[Items listed in a dataset]
== == ==

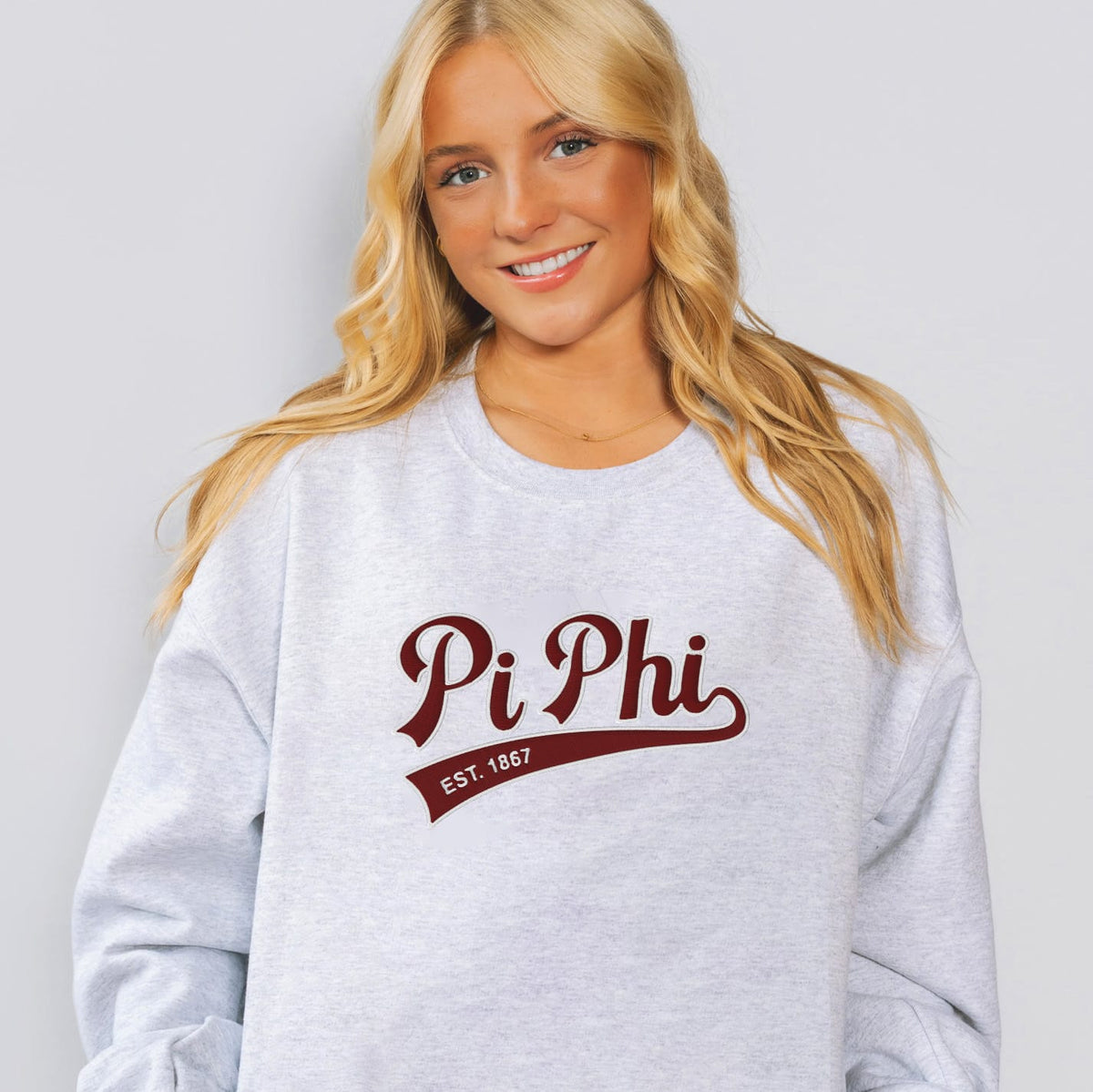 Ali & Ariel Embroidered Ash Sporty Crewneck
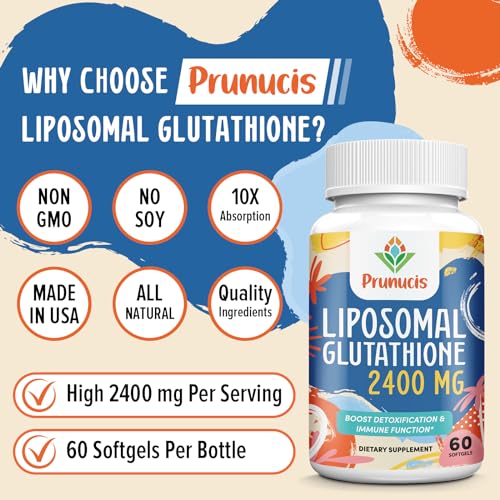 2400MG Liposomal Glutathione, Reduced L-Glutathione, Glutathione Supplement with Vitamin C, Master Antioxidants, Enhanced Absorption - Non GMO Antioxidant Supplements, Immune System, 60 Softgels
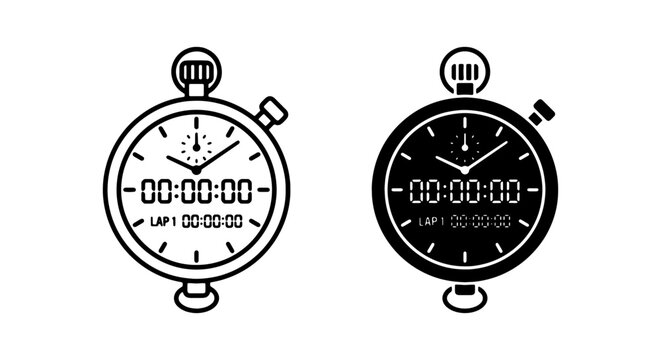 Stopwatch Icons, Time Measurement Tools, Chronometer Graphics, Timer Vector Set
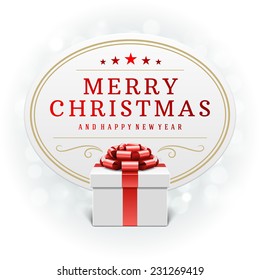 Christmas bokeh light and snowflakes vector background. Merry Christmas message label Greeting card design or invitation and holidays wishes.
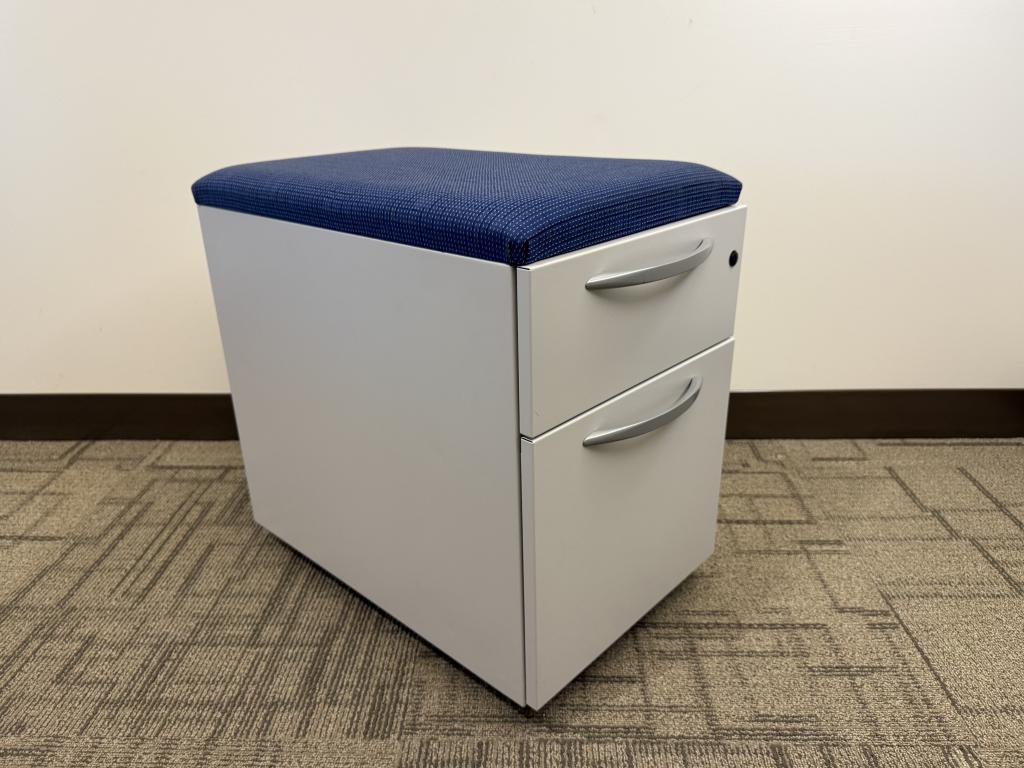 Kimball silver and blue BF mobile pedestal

== == ==

Description of the task. Transcribe exactly, and only, the lines from the one containing "2400MG Liposomal Glutathione, Reduced" through the last line of the records above, both included; leave out the pictures.

Response area.
 2400MG Liposomal Glutathione, Reduced L-Glutathione, Glutathione Supplement with Vitamin C, Master Antioxidants, Enhanced Absorption - Non GMO Antioxidant Supplements, Immune System, 60 Softgels
 Stopwatch Icons, Time Measurement Tools, Chronometer Graphics, Timer Vector Set
 Christmas bokeh light and snowflakes vector background. Merry Christmas message label Greeting card design or invitation and holidays wishes.
 Kimball silver and blue BF mobile pedestal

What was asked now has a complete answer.